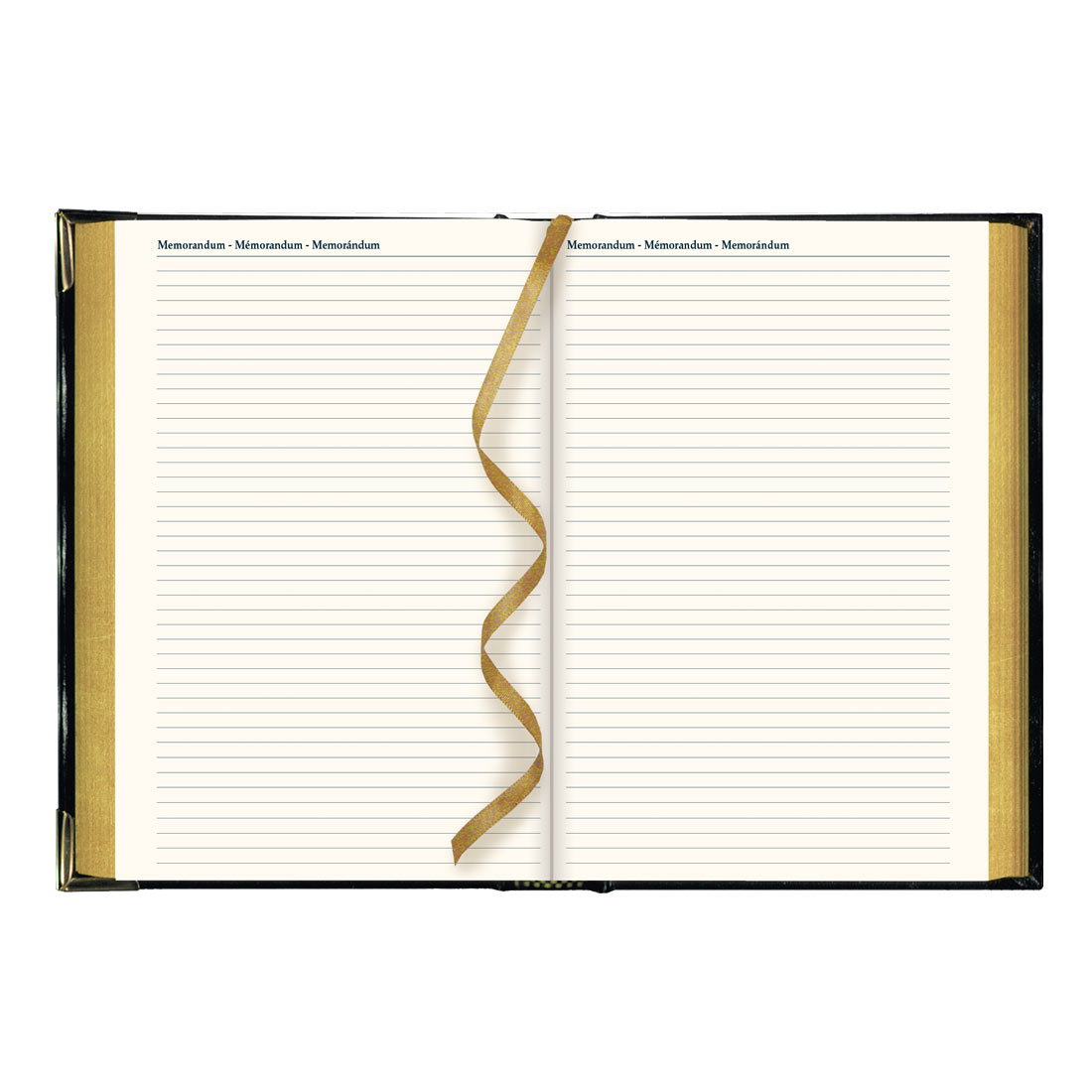 Brownline Executive Daily Planner, Black, 2026 CBE504.BLK-26
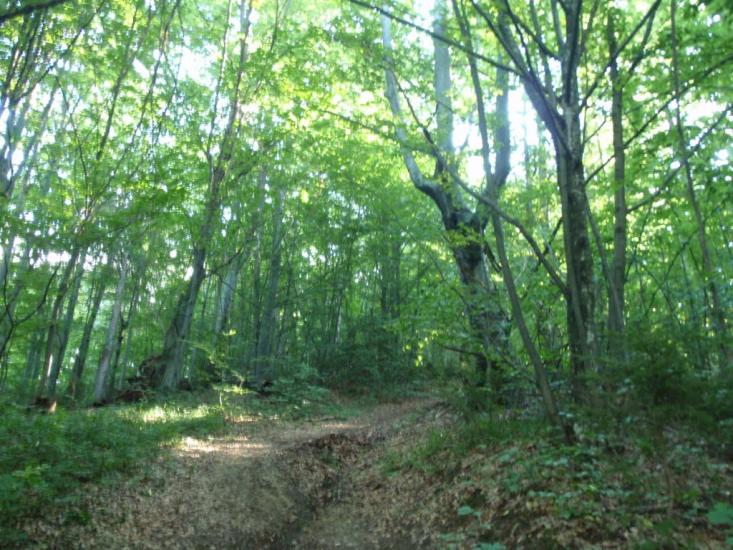 Княгиня з panoramio.com - Княгиня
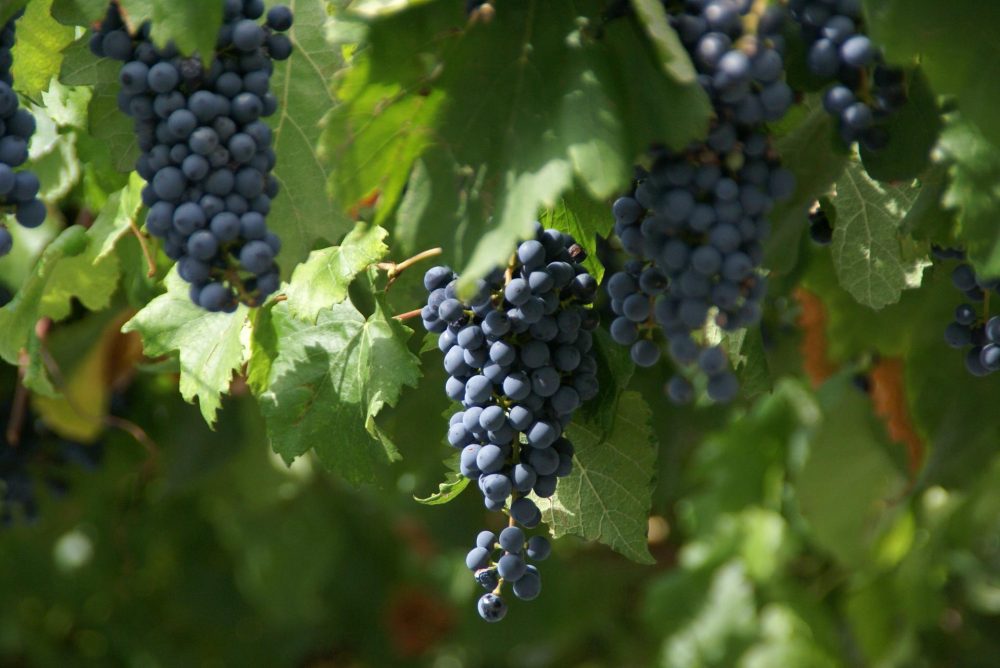 Viñedos de Parras Coahuila La Carrera Panamericana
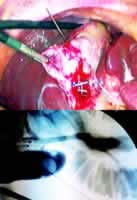 ��ǻ�������г������е��ҹܱ�Ǽ���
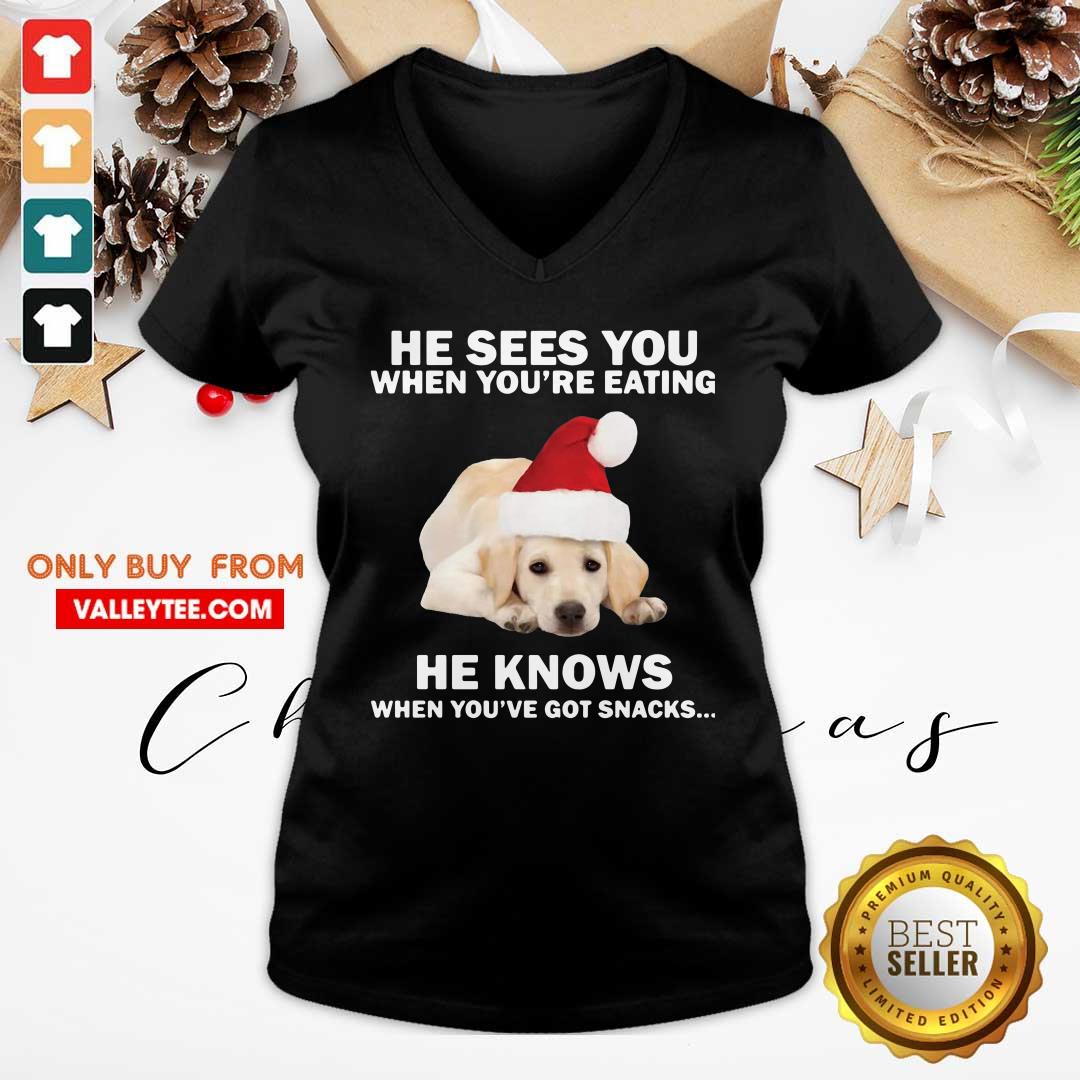 cute-labrador-he-sees-you-when-youre-eating-he-knows-when-youve-got-snacks-christmas-v-neck.jpg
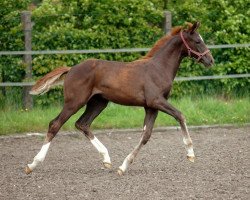 broodmare Bella Luna (Westphalian, 2005, from Belissimo NRW)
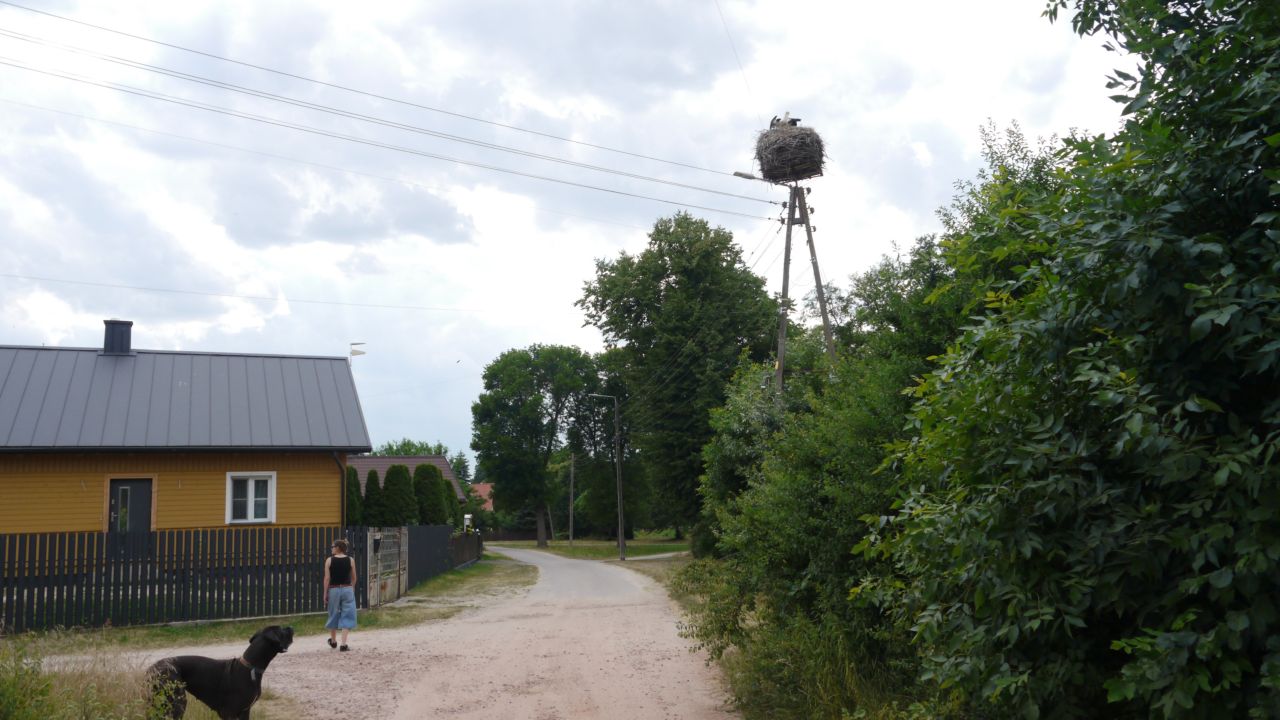 Działka budowlana Stara Huta. Zdjęcie 5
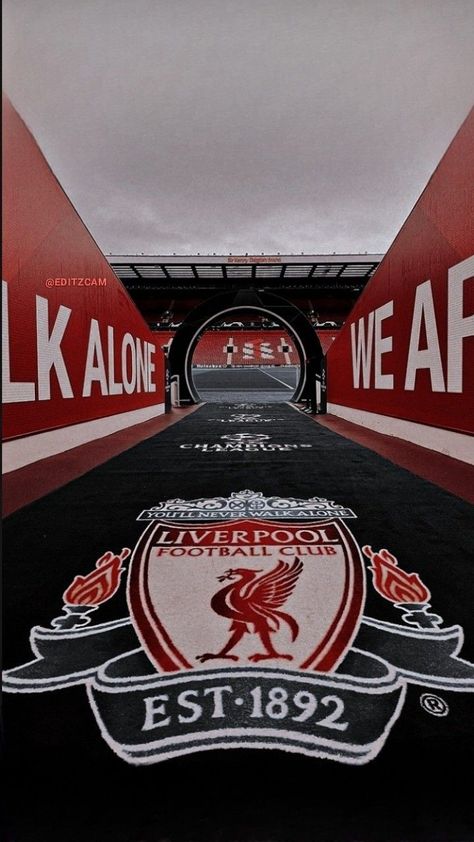 Iphone Wallpaper Liverpool, Liverpool Football Club Players, Lfc Wallpaper, Liverpool Stadium, Liverpool Fc Logo, Liverpool Fc Team, Liverpool Poster, Liverpool Football Club Wallpapers, Liverpool Logo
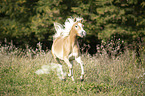 galloping noble blood haflinger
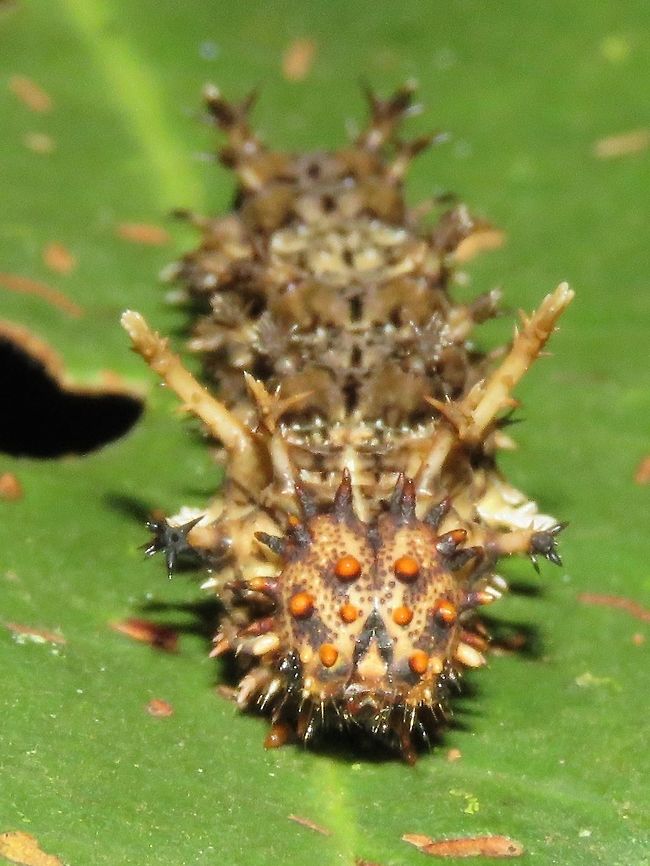 Caterpillar of Commander Butterfly - Moduza procris                                 Caterpillar,Commander,Malaysia,Moduza procris,Sarawak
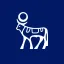 Novo Nordisk A/S Tokenized Stock (Coinbase) logo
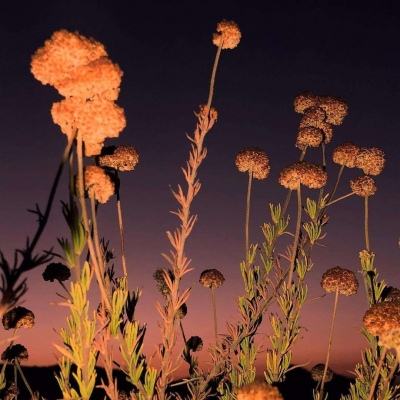 888电玩城游戏厅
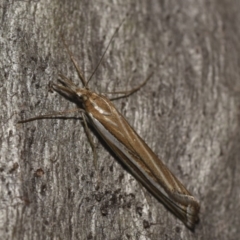 Hednota species near grammellus (Pyralid or snout moth) at Black Mountain - 22 Apr 2018 by GlennCocking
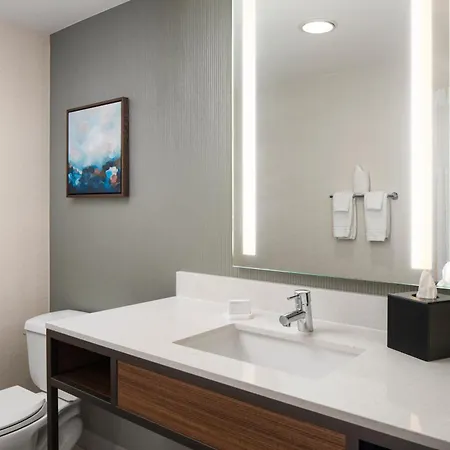Hilton Garden Inn Virginia Beach Town Center-3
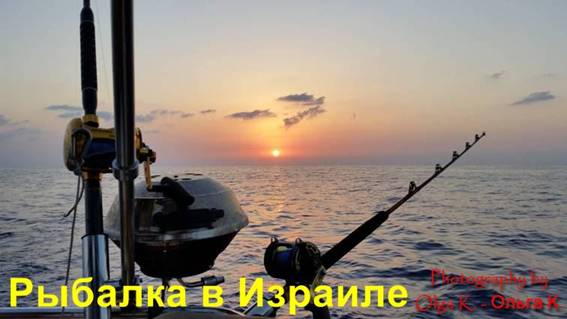 ловля форели в Израиле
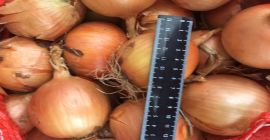 Bulb onions, great for cooking in restaurants, cafes, catering.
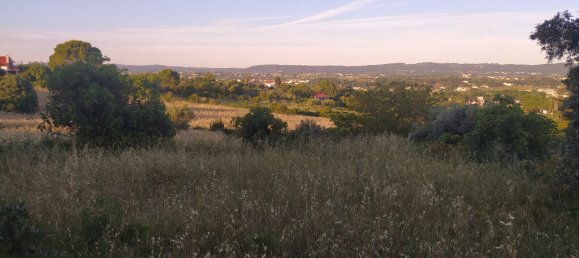 Grundstück in Tomar, Portugal 1502m², Nr. 79600 3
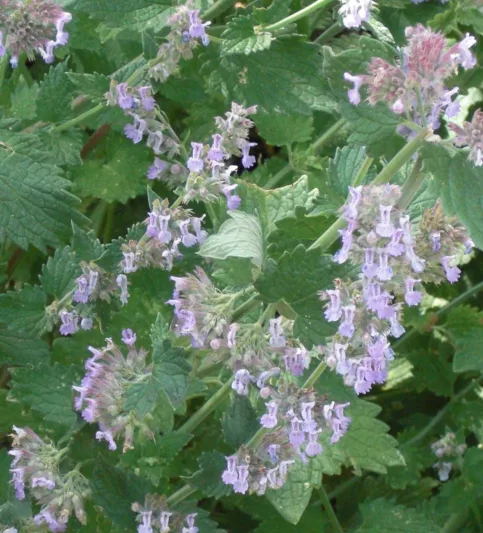 Nepeta Racemosa Blue Wonder, Nepeta Blue Wonder, Catmint Blue Wonder, Nepeta x mussinii 'Blue Wonder, Best perennial plants, deer resistant perennial,drought resistant perennial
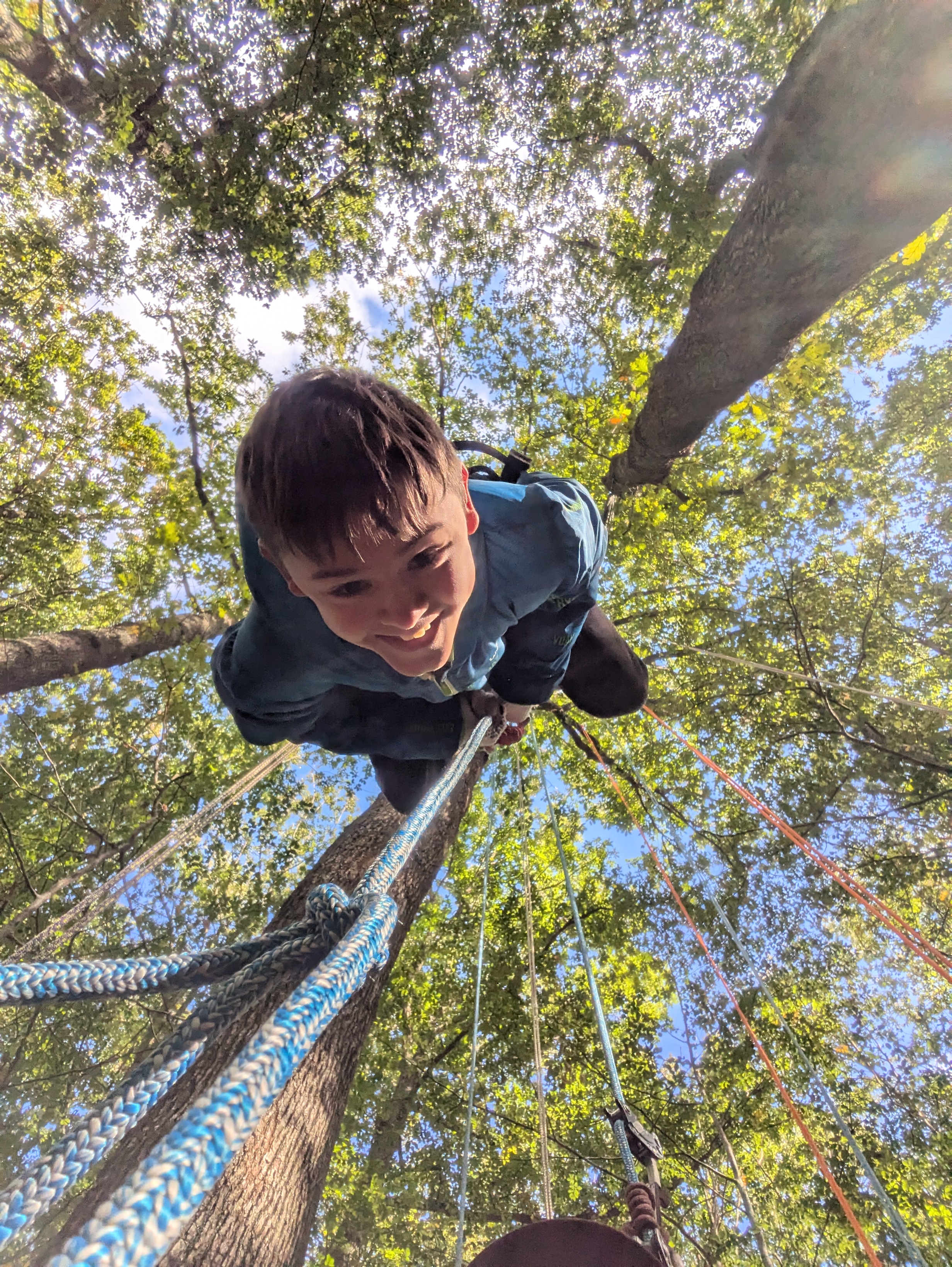 Les Forêts des Monts du Lyonnais : Histoire, Évolution et Activité de Grimpe d'Arbre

════════

→ Work request
Exactly as they appear, print the lines of the listing above from its first line through the line that contains "Działka budowlana Stara Huta. Zdjęcie 5", minus the pictures.

→ Output below
 Brownline Executive Daily Planner, Black, 2026 CBE504.BLK-26
 Княгиня з panoramio.com - Княгиня
 Viñedos de Parras Coahuila La Carrera Panamericana
 ��ǻ�������г������е��ҹܱ�Ǽ���
 cute-labrador-he-sees-you-when-youre-eating-he-knows-when-youve-got-snacks-christmas-v-neck.jpg
 broodmare Bella Luna (Westphalian, 2005, from Belissimo NRW)
 Działka budowlana Stara Huta. Zdjęcie 5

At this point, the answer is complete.